Thousands without power as Storm Eleanor batters Britain with 80mph winds
Forecasters warned lives could be at risk from flying debris as the fifth-named storm of the season arrived.
Thousands of homes have been left without power as Storm Eleanor hit Britain with winds of up to 80mph.
Forecasters warned lives could be at risk from flying debris as the fifth-named storm of the season arrived on Tuesday evening.
An amber weather warning was issued for southern parts of Northern Ireland and northern England as well as southern fringes of Scotland overnight.
Around 22,000 houses in Northern Ireland and scores more in England were affected by power cuts.
Northern Ireland Electricity Networks said it restored supply to 10,000 properties but another 12,000 would be without power overnight.
A spokesman said: “It’s very difficult to make repairs because we have to think about the safety of our employees, most repairs will start at first light.”
A number of roads were closed due to fallen trees and motorists were warned to avoid all but essential travel.
In England nearly 2,000 homes were hit by power cuts in the Midlands, as well as around 700 in the South West and 460 in Wales.
The Environment Agency issued 65 flood warnings and dozens of alerts across the country.
The Dartford Crossing bridge was closed overnight on Tuesday due to the dangerous wind speeds and is due to reopen in time for morning rush hour.
Vince Crane, of the AA, advised drivers to take extra care in the worsening conditions.

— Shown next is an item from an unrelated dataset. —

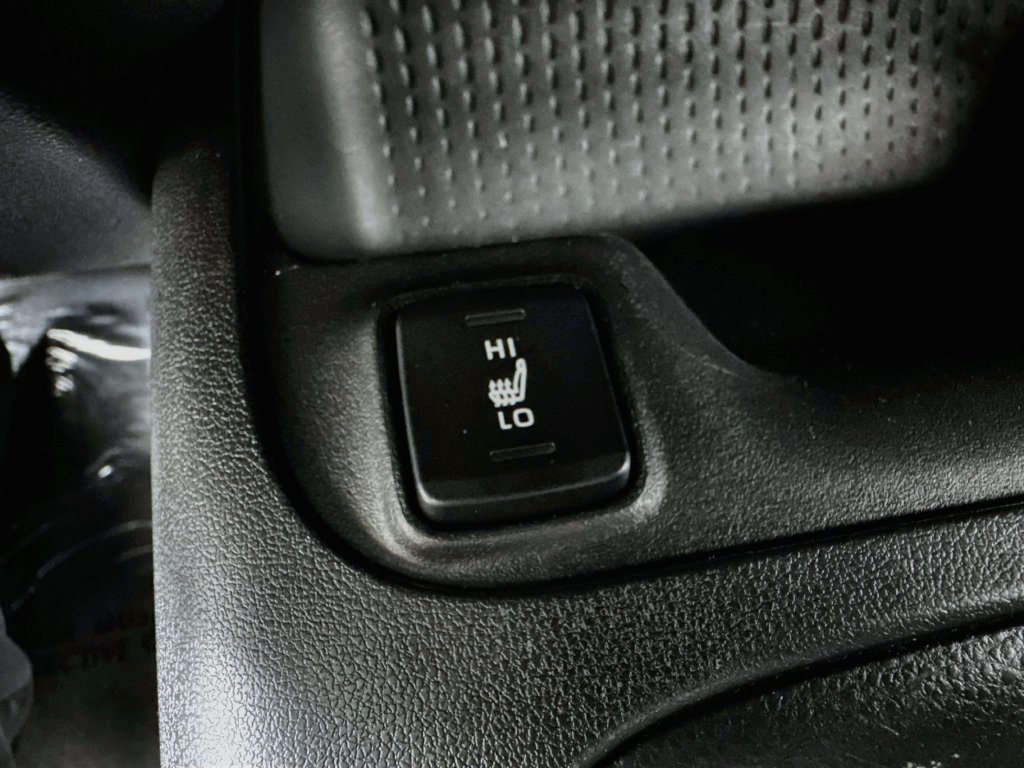 Used 2022 Toyota Corolla XSE w/ Carpet Mat Package (TMS) FWD image 17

He said: “Road conditions can quickly deteriorate during very heavy rainfall, with drains becoming swamped or blocked and standing water causing surface spray, reduced visibility and potentially leading to flooding.
“Drivers will need to take extra care and expect delays, even on motorways.

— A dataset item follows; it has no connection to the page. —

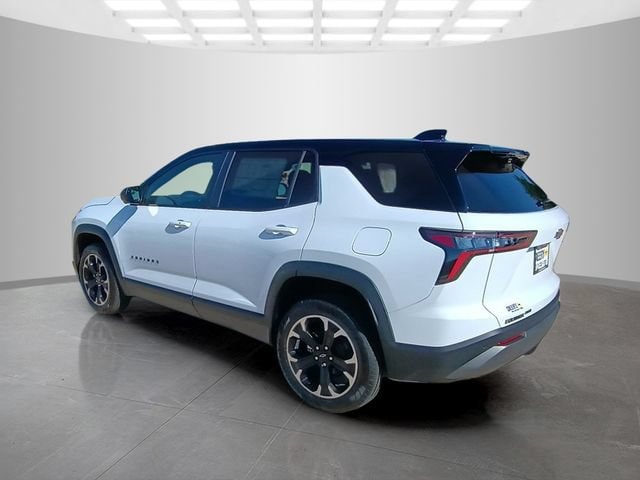 2027 Chevrolet Equinox LT - Photo 10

“Strong or sudden gusts of wind are more likely on open stretches of road, when passing bridges or gaps in hedges, or when overtaking high-sided vehicles.”
A yellow weather warning covering Wales, England, most of Northern Ireland and parts of Scotland was in place overnight to Wednesday.
There will be a risk of “injuries and danger to life” from flying debris and large waves along the western coast, the Met Office said.
Meteorologist Emma Sharples said: “There is likely to be some disruption possibly to public transport, bridges and other public services such as mobile phones and people need to be aware that there could be debris as well.”
In Wales, people have been advised to keep a safe distance from the sea as Natural Resources Wales (NRW) issued a series of flood warnings for the south-east, south-west and north coasts.
Ceri Jones, from NRW, said: “Large waves could overtop defences and throw up debris – this could easily cause injury or knock you off your feet.”
Pembrokeshire County Council also issued a warning for several areas, including Amroth and Newgale, where overtopping waves could cause disruption.